後者は、鹿児島県志布志市の、うなぎを少女に擬人化した動画が代表的です。アダルトビデオまがいの広告で、非常に悪質だと考えます。※志布志市へのふるさと納税の返礼品である「養殖うなぎ」をPRする内容。うなぎに扮(ふん)した水着姿の少女が語り手の男性に向かい「養って」と話しかけ、そこからプールでの奇妙な生活が始まる。
――それぞれ何が問題なのでしょうか
女性を商品化して炎上したケースでは、男性中心の視点で制作されている点が問題だと考えられます。自分たちがこれまで消費してきた性的なコンテンツの要素の組み合わせとして制作してしまっているにもかかわらず、その点に無意識であると。
しかし、現在のようなSNS時代には、クリエイティブの送り手と受け手がオンライン上で出会ってしまいます。

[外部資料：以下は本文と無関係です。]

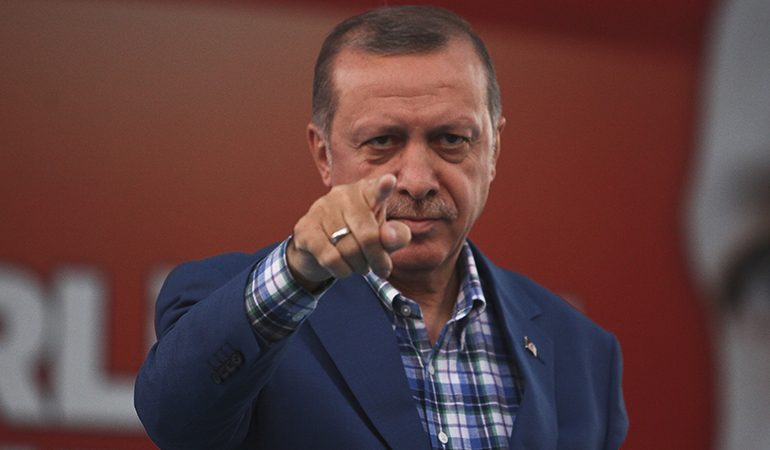 Erdoğan’dan Laiklik Bildirisine İmza Atanları Hedef Aldı: ‘Azgın Güruh’
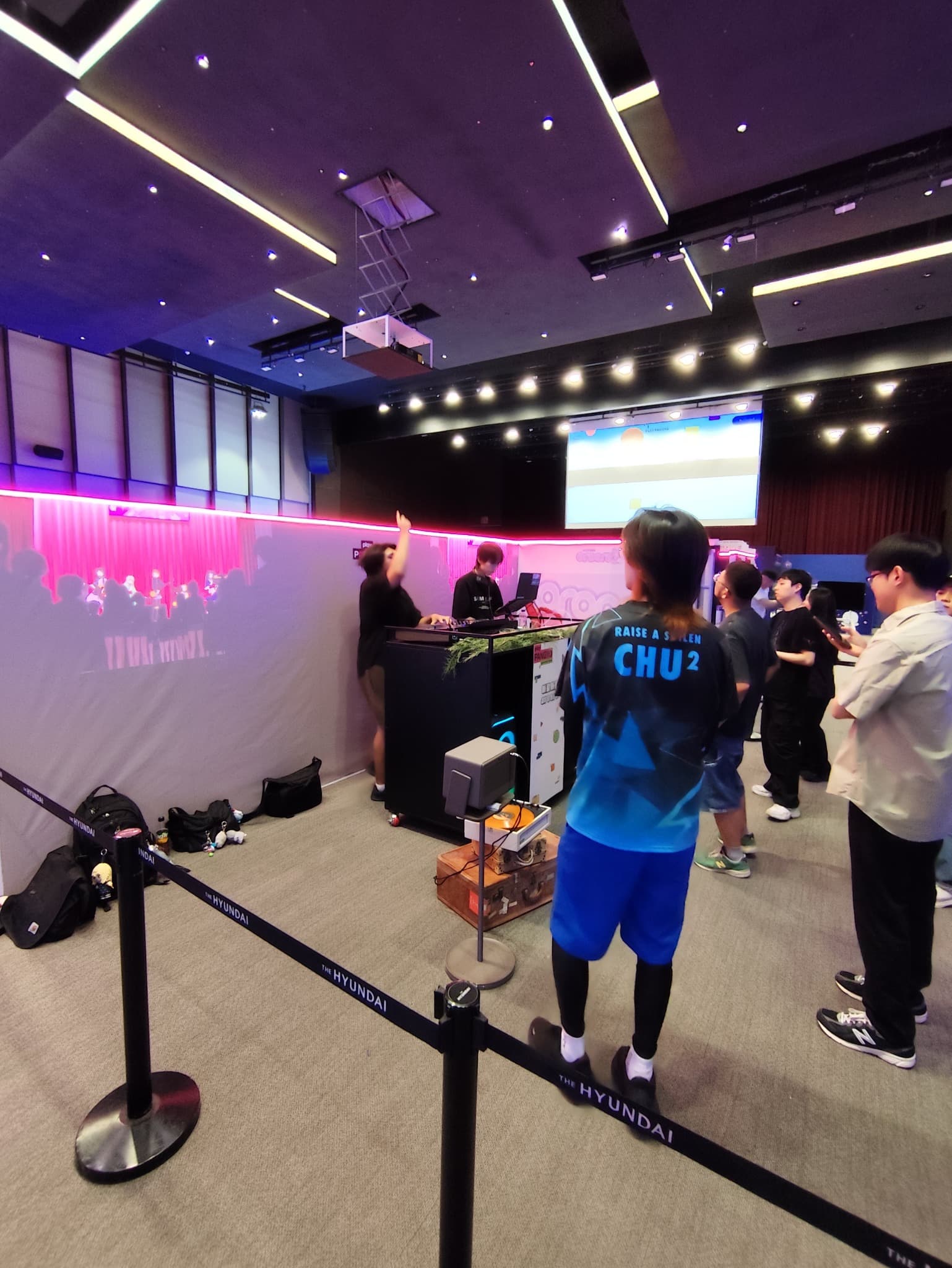 DJ 부스 앞에 모인 관객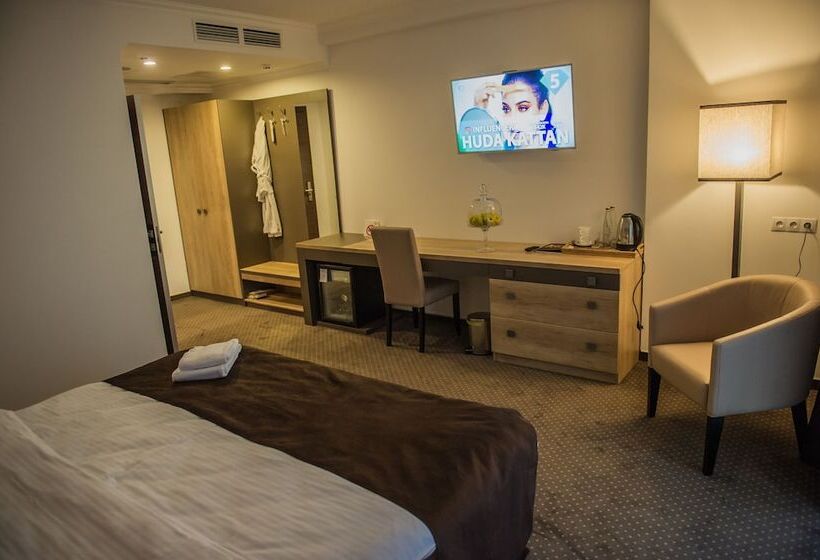 اتاق استاندارد با تخت بزرگ, Bernardazzi Grand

つまり男性主体で作られた広告と、それに嫌悪感を抱く女性たちの言説空間がダイレクトに繋がってしまい、これまでのように見逃されることのない時代になったことで「炎上」という結果に至っています。
他方、女性を応援する意図で制作された広告は、伝えようとするメッセージ内容とその表現方法に乖離(かいり)が見られます。現代の女性の多くがすでに限界まで頑張っている人が多いのに、そこに手を差し伸べるのではなく、さらに頑張れだとか、孤独感を与えてしまうような広告が反感を買っているのでしょう。
「ワンオペ育児」を助長するとして批判されたムーニーのCMもそうですが、映像の中で冒頭から終盤まで周囲の環境に変化が描かれていない。この点は、広告の意味を誤読させる決定的な理由になっています。つまり、主役の女性の気持ちは吐露されるものの、環境的な変化が一切描写されず、女性の大変さや生きづらさが個の問題としてしか表現されていない。たとえそれが現実なのだとしても、その商品を購入したら、自分たちのつらさはどう解決されるのか?が描かれていないことによって、「そんな現実は十分知っている。で?」といった不信感や不満を煽る要因となってしまいます。